Multi-dimensional Music Representation and Mixing

Columbia University Computer Music Center

Chris Bailey and Brad Garton

The joy of musique concrete is that of making music out of "found sounds"---sounds that we hear in our everyday lives, but torn out of context, and placed in a new, musical one. Thus, for example, a melody might be constructed out of a sequence of sounds that you recorded, say, around your house: hitting a few different pans, some clinks of silverware and glasses, a scrape of your fingernail on your wall, and perhaps a motorcycle whizzing by outside to close off the gesture. The trick is to make these sounds cohere musically, so that when you hear the sequence, you think, "Those sounds are very familiar. . . . yet they're making music. Wow!"

One way to do this is to group sounds together by shared characteristics. For example, you might want to have a percussive gesture---all the sounds having hard, percussive attacks. Or, alternatively you might want to have a very soft, flowing kind of texture. Or, you might want to use a bunch of sounds that all contain the note A#. Or that are very noisy, or, very pure. Or some combination of all of these. Clearly, there are many ways to classify found sounds.

So, for this installation, we began by making a database of several hundred sounds. Every sound comes with a list of parameter-values associated with it.

The parameters are:

Duration: How long is the recorded sound fragment?
Pitch(es): Are there any notes that stick out or are prominent? (For example: you record yourself scraping your finger over the cheese grater, and it happens to sound like a low Bb . . .)
Loudness: This is a tricky one, because of course you can make any sound loud by turning up the volume. But besides that, is the sound "loud" in quality? Does it have a real bite, even at low volume, or is it meek, even at high volume?
Attack Hardness: This is a measure of how much BANG the sound has when it starts. So hitting a metal object has a high attack hardness; saying the syllable "Waaah" has a low attack hardness.
Purity--noisiness: This is fairly self-explanatory: is the sound "noisy", or does it sound bell- or tone-like?
Color: Is the sound tense, high, rich, and therefore "bright"? Or is it low, dull, plain and therefore "dark?"
Agitation: Some sounds you record are very agitated: Record yourself scraping your finger on a washboard, for example. On the other hand, if you hit a metal object and it just rings to silence, that's relatively un-agitated.
Material/Category: This is a more psychological/semiotic parameter. What is the sound? Someone talking? a pot, pan, a piece of wood? Or a recording of crickets in your backyard?
Tessitura: This is like pitch, but less exact. It is simply a matter of whether the sound is relatively high, or low.
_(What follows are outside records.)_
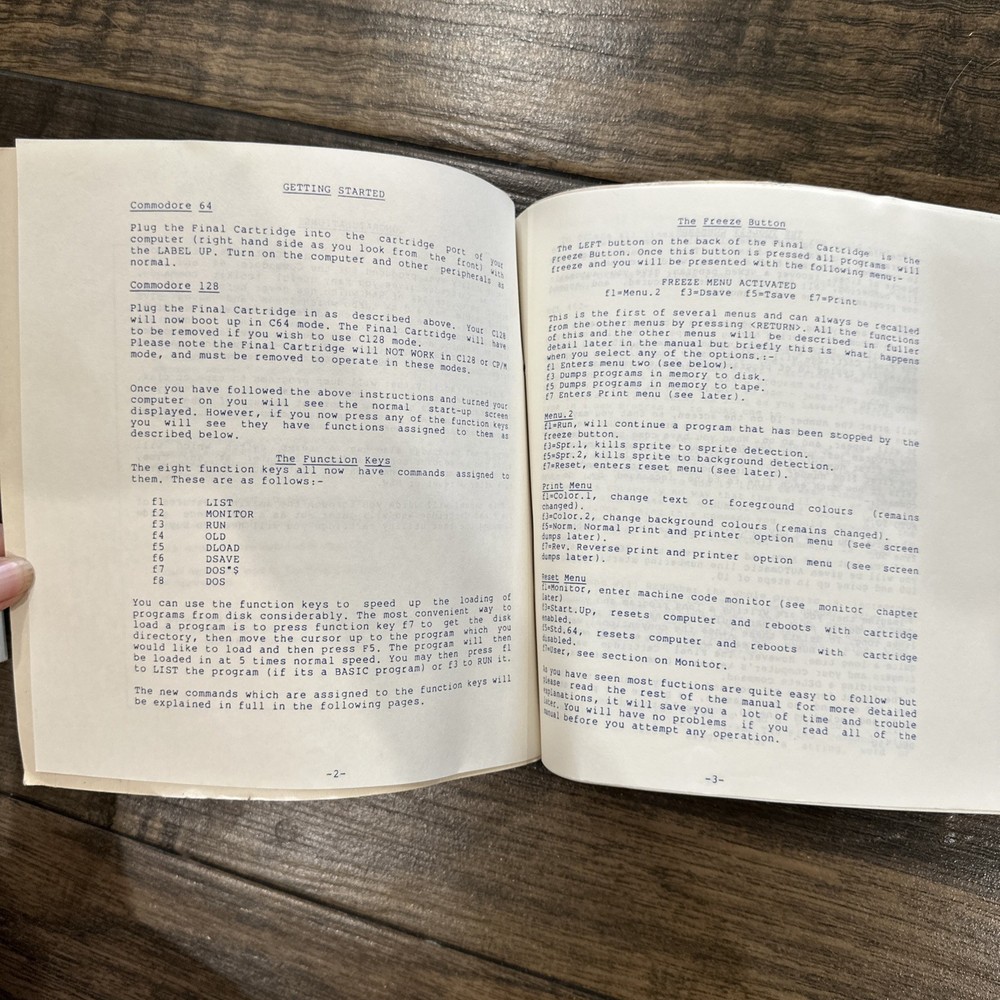 The Final Cartridge Commodore 64 Manual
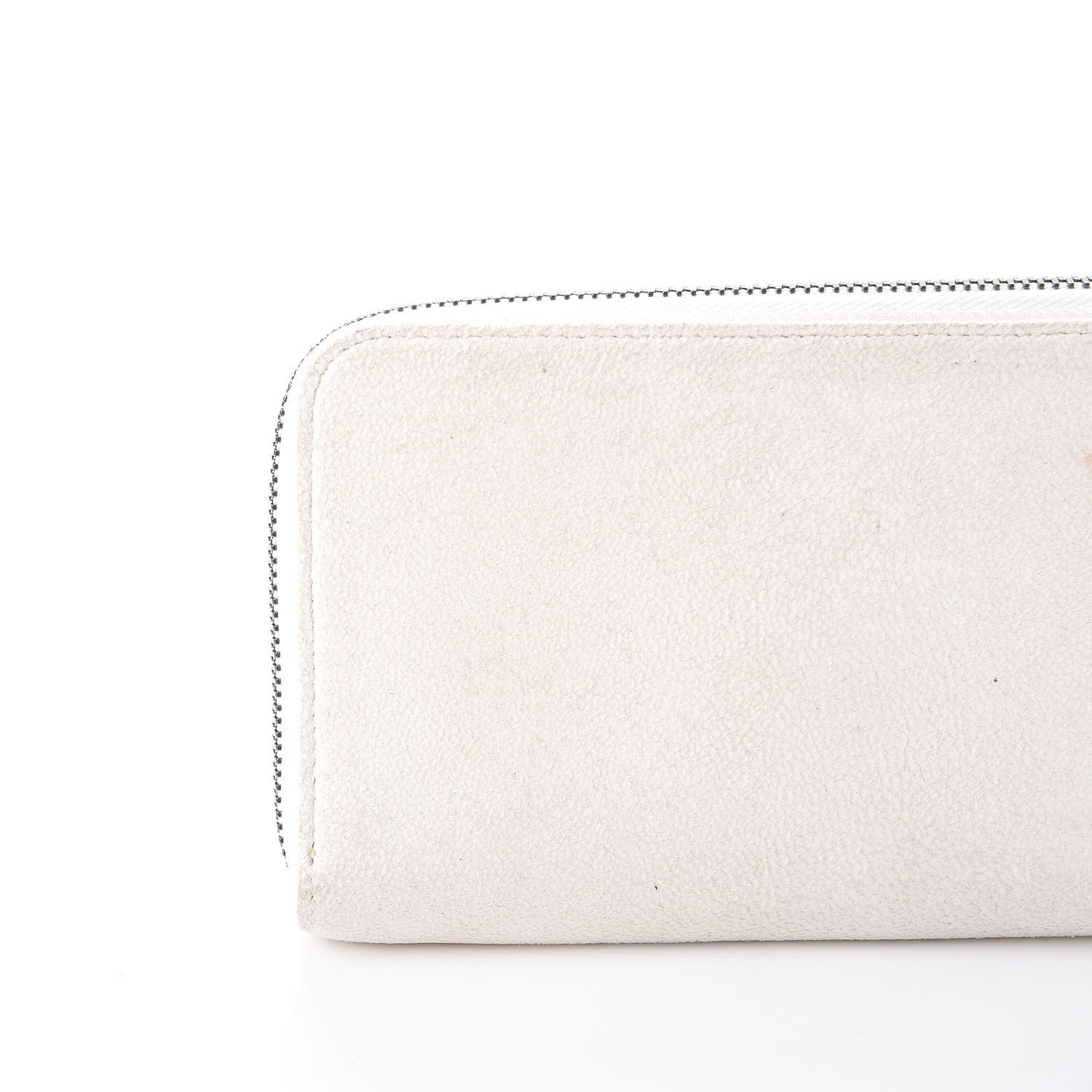 Shaggy Deer Falabella Zip Around Wallet White
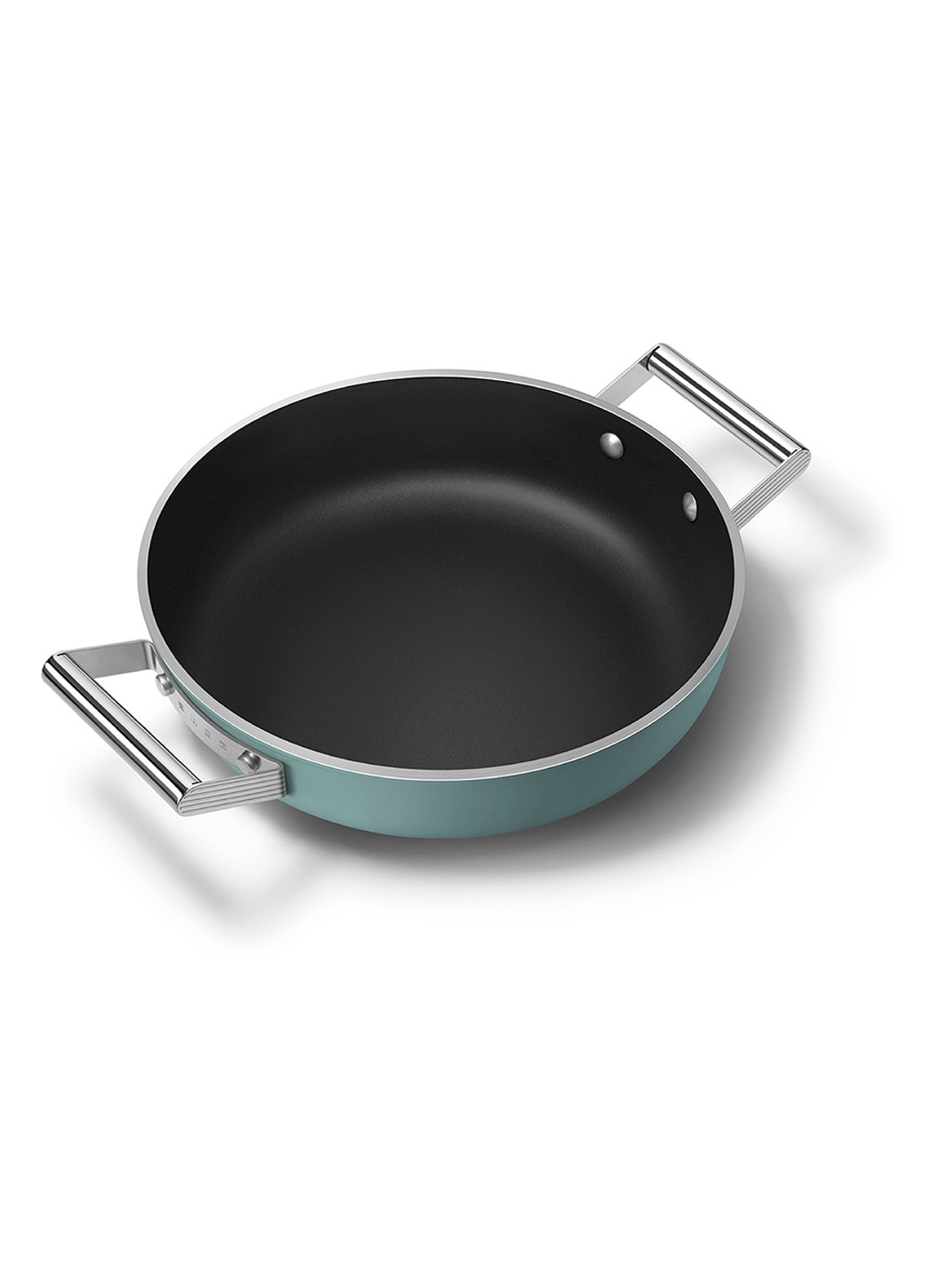 SMEG 50's Style sauteerpan Ø28 cm - voorkant 2 groen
After this data is entered for a large number of sounds, then you can have the computer create gestures out of the sounds. For example, you might want a gesture consisting of short sounds, falling from high to low. The computer would simply look, first of all, for sounds with a short duration, and then, for sounds with "tessitura" gradually going from high to low.

But how do you tell the computer to do this?
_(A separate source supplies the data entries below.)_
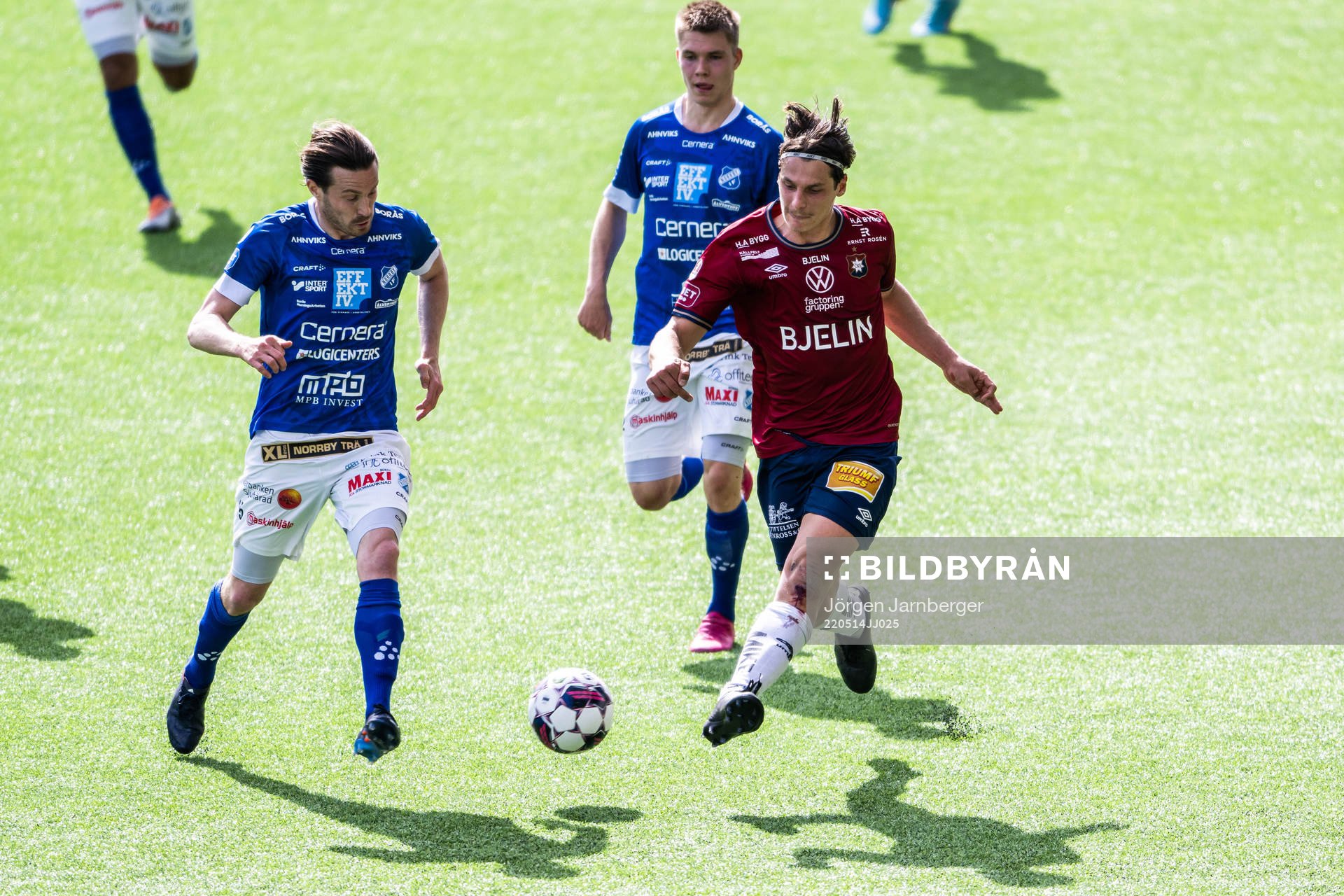 Norrbys Nino Osmanagic och Örgrytes Kevin Ackermann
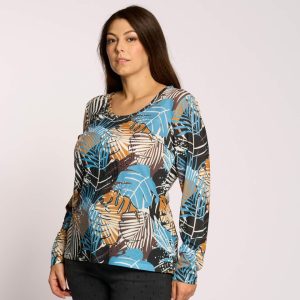 Maglia in tessuto con dettaglio paillettes curvy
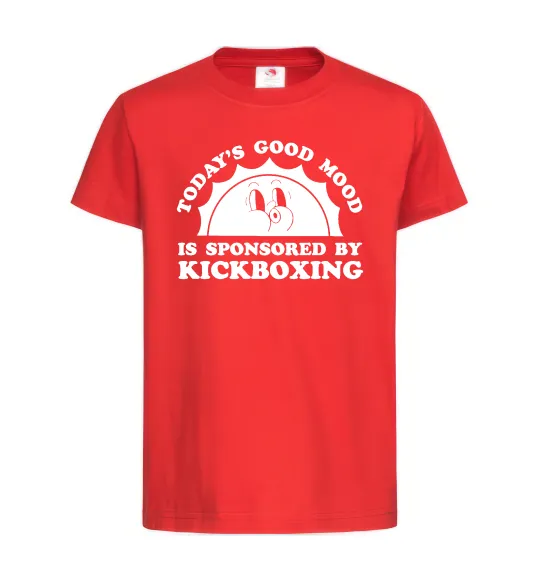 Детская футболка Kickboxing good mood Красный фото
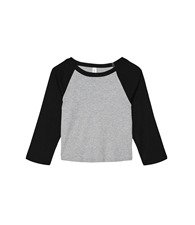 Women�s micro rib 3/4 raglan baby t-shirt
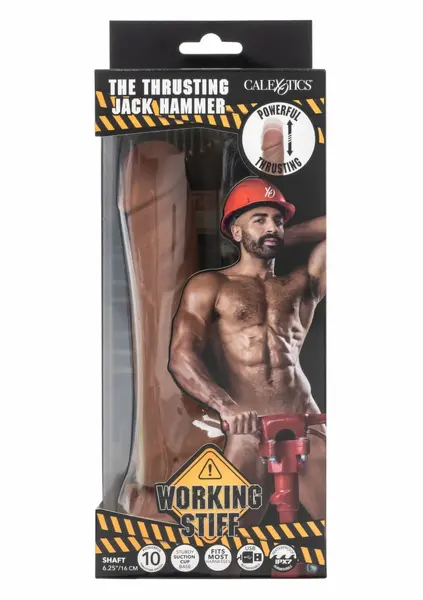 CalExotics The Thrusting Jack Hammer Intimate Machine 10-Speed Waterproof Black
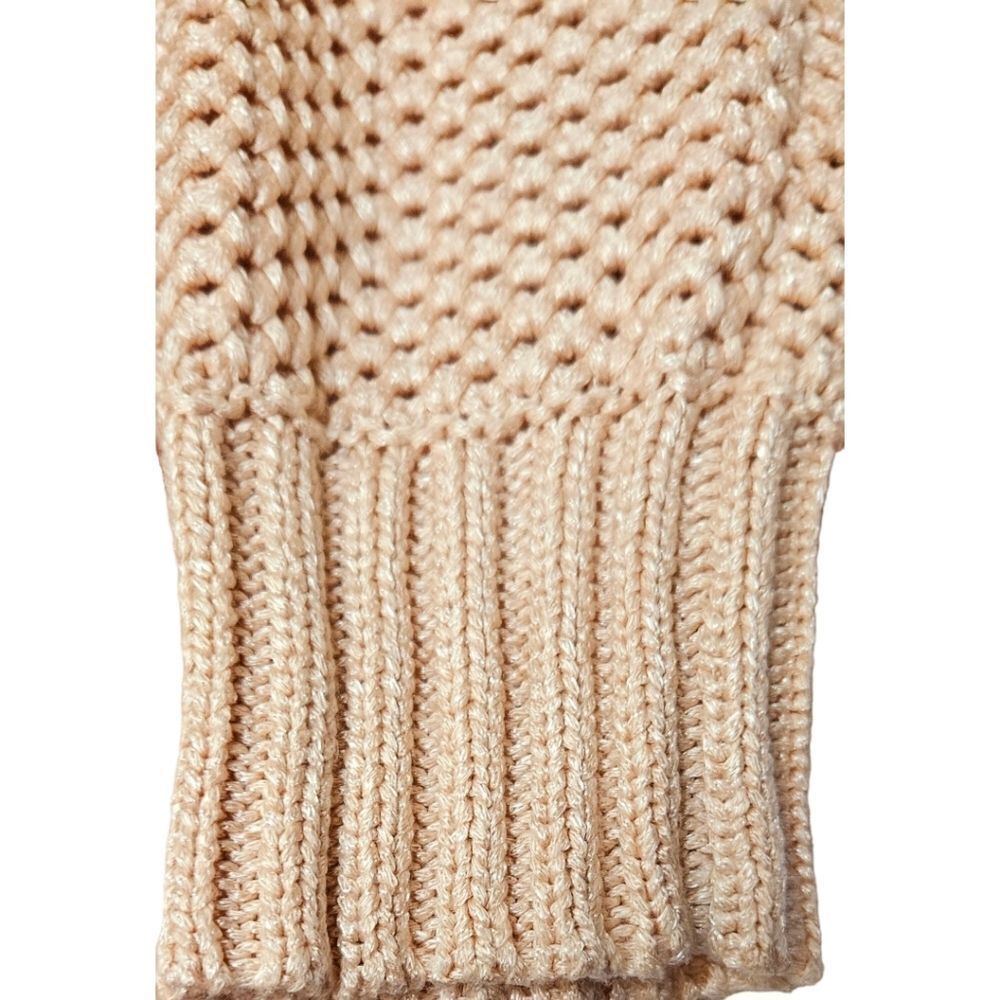 CALVIN KLEIN JEANS New Round Neck CableโKnit Pink Rose Sweater SIZE Large - Picture 7 of 12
Well, you could write nasty, complicated computer programs to do it. But that's boring. So, for your enjoyment, we've created a multi-dimensional "space" that you can fly through. In the "space", you'll see the sounds floating around you. The tricky part is to determine how to navigate in a 9-dimensional space (the nine parameters listed above) in a manner that delights both the eye and the ear. We arbitrarily decided that all the parameters would be independent of each other -- this allows us to find a sound consisting of any combination of the description parameters. We realize that in the Real World many of the parameters we use are in fact linked to each other. To be honest, the list of parameters is rather arbitrary anyhow. We used our ears and our musical intuition to create the descriptions (and values) listed for each sound.

We then mapped (or assigned) each parameter to a different visual attribute seen on a computer screen; the positioning of sounds in a 3-dimensional representation, the color of the visual sound objects, the "spikiness" of each object, etc. Our goal was to create a representation that would be memorable enough to allow us to revisit a region of 9-space with particularly satisfying sound combinations.

The real fun, however, comes from simply 'flying around' in the sound space. Not a bad paradigm at all for composing new music!